邢念試探地問道:“喬阿姨聽說過霧山嗎?有人向我推薦那裏。”

視頻像是卡住了一樣邢念久久沒有得到回應,“喬阿姨?”

視頻被突然掛斷。

[我沒有聽過,不過念念還是去一些熱鬧的地方比較好,就不要那裏了。]

[我還有事,下次再聊。]

視頻電話被掛斷後,邢念在同一時間收到了喬曦的文字回覆。

這個怪異的態度明擺了說明那裏有問題。她不能眼睜睜看著姜京墨去冒險。

行動力很強的林隨檀在做出決定的第二天就瞞著所有人回到了臨城。四年沒見,他卻不知為何有一種恍若隔世的感覺。

剛下飛機,他只覺頭疼欲裂,沒走幾步就在機場昏過去。

路沅白趁著夜色來到了林宅。對於霧絨花,整個臨城沒有比林家更為熟悉的了,加之依林家的地位應該能掌握更多的消息,能解她的疑惑。

山上的迷霧經過幾日的積累已經對城市造成了影響,透過窗戶就能看見遠處的街道被蒙上一層薄薄的輕紗。

“這霧不知道要多久才能散去,監管局對很多地方都實行了通行管控。
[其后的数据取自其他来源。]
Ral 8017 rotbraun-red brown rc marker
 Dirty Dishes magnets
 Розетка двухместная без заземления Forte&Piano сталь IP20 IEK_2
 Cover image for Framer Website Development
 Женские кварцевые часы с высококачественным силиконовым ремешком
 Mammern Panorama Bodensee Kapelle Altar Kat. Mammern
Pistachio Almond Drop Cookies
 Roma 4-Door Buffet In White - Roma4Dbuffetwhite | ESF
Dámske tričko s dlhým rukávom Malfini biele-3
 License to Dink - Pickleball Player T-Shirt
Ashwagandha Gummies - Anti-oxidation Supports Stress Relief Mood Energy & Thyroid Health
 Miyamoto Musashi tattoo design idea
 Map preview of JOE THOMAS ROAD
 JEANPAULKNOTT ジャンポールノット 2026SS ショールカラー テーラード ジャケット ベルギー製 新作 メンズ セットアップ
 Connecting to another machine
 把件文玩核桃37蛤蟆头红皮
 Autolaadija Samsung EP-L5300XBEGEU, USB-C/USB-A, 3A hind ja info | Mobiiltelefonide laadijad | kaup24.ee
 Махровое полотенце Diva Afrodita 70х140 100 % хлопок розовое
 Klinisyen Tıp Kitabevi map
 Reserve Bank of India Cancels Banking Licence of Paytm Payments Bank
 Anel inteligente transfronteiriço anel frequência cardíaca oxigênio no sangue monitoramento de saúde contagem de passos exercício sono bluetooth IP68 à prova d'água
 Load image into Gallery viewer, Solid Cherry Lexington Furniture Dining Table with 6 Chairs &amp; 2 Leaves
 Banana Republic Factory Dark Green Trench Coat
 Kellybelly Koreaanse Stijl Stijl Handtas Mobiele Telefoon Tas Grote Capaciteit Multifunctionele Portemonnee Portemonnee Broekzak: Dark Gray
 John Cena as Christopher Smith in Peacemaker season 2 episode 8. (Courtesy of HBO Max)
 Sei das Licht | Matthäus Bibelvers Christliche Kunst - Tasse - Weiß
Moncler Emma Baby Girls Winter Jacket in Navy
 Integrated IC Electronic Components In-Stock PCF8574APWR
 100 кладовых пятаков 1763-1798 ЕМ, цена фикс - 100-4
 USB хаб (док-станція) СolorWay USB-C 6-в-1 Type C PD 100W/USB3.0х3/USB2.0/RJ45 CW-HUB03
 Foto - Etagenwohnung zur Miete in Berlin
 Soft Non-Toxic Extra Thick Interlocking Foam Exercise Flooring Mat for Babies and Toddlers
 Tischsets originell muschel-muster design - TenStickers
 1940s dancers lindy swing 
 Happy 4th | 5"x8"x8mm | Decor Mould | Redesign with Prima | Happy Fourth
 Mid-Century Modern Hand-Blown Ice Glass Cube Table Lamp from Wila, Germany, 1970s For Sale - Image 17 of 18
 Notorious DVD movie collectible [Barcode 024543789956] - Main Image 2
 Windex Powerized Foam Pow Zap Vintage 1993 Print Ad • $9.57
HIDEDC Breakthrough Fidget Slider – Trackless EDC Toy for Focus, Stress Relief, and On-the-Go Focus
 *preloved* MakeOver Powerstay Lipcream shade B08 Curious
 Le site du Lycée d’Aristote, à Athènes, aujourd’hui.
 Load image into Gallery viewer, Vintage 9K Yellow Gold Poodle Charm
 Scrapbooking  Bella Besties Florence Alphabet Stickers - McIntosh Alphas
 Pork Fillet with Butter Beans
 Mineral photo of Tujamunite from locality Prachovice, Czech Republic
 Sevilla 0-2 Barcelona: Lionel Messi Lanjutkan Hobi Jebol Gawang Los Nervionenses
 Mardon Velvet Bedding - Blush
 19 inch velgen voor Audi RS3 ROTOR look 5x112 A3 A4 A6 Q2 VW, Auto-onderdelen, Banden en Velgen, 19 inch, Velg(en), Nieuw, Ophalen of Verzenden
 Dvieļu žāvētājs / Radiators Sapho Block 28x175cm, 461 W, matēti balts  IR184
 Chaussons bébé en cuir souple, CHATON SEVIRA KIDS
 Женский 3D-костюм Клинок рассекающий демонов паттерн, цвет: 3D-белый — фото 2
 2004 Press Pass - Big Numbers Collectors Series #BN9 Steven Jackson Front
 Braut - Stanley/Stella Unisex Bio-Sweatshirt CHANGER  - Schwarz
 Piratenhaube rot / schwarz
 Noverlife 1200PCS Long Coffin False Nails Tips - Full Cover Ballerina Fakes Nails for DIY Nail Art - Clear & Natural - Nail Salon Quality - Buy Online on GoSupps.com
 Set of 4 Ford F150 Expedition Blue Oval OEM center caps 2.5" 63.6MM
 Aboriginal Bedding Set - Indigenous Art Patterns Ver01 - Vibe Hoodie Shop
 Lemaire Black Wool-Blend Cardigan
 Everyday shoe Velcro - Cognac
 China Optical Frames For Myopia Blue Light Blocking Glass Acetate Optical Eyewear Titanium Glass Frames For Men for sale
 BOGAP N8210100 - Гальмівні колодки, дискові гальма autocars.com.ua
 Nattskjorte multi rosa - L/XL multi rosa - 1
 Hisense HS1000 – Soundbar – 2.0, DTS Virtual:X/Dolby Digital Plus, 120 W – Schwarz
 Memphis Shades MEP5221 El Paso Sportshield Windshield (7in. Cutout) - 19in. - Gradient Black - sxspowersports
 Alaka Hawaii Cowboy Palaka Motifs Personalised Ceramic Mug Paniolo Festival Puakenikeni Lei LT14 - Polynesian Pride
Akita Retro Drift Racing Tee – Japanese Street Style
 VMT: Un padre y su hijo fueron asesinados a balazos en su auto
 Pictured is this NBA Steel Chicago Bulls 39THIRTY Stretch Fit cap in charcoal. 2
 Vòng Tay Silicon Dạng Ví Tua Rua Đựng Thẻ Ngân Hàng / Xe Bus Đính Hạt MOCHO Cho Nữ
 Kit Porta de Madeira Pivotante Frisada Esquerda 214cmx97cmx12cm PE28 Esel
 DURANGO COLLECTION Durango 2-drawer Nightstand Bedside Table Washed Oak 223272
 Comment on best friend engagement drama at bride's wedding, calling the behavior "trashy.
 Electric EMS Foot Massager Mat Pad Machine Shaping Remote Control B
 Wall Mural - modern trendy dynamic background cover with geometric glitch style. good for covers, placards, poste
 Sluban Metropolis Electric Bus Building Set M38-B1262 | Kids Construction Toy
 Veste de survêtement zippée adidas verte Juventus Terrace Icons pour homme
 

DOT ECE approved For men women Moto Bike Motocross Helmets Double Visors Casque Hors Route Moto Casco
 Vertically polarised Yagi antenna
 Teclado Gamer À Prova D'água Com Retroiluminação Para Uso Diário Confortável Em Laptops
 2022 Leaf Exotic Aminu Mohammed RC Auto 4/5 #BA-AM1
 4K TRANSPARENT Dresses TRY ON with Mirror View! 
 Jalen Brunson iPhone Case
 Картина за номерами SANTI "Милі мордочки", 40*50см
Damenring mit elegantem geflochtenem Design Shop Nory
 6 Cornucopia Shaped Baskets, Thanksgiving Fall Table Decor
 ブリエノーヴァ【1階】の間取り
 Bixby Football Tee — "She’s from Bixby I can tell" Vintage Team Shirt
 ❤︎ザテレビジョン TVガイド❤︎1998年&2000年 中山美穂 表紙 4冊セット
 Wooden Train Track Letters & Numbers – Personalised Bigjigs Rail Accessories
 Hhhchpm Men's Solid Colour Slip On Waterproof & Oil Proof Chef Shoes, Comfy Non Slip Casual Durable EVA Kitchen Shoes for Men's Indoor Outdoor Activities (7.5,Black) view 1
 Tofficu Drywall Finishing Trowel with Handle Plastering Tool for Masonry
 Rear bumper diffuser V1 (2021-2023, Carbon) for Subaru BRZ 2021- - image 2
”唐予對此十分的煩躁,這兩天她已經被迫辭去了好幾份兼職了。

“你就趁這幾天休息一下唄。咦……”許檬頓了一下,眨了眨眼睛,捂著自己的左眼離開了現在的位置,“好像有東西。”

許檬四周張望了一圈,將視線鎖定在路沅白手裏的戒指上,“沅白你的戒指裏面好像有東西,設計好特別。”

“”正在發呆的路沅白下意識將放在陽光下的戒指收回,有些不解。

“唔,它好像裏面刻著什麽字,放在光下就照出來了。不過我沒看清,寫的是什麽情書嗎?”許檬還捂著眼睛好奇地問道。

“我不知道。”路沅白搖頭。

“我剛也沒有看到。是眼花了吧。”唐予說道。

“就是有!”許檬讓路沅白站到了剛才的位置,然後自己拿著戒指照著路沅白現在的動作放在窗戶透出的陽光裏,“有嗎?”

路沅白不明所以地搖頭。

“等一下,我再調幾個角度。”許檬道。

“我看墻上什麽都沒有……”唐予看著她信誓旦旦的模樣,也來起了興趣。

“有東西!”路沅白一瞬間睜大了眼睛,捂著右眼仔細辨認著光裏的字符。

“光匣……月光……倒影裏的潘多拉。”路沅白勉強認清幾個字,但由於被鑲嵌起來了,大部分的字體都看不清楚了,只留下只言片語。

路沅白立刻想到姜京墨,信息都編輯完了上頭的腦子一下子就冷下來了。

這個東西毫無疑問是霧山的產物,他牽扯進來難保會有危險。而且她有預感,這個東西背後會有很麻煩的事情,是一個燙手山芋。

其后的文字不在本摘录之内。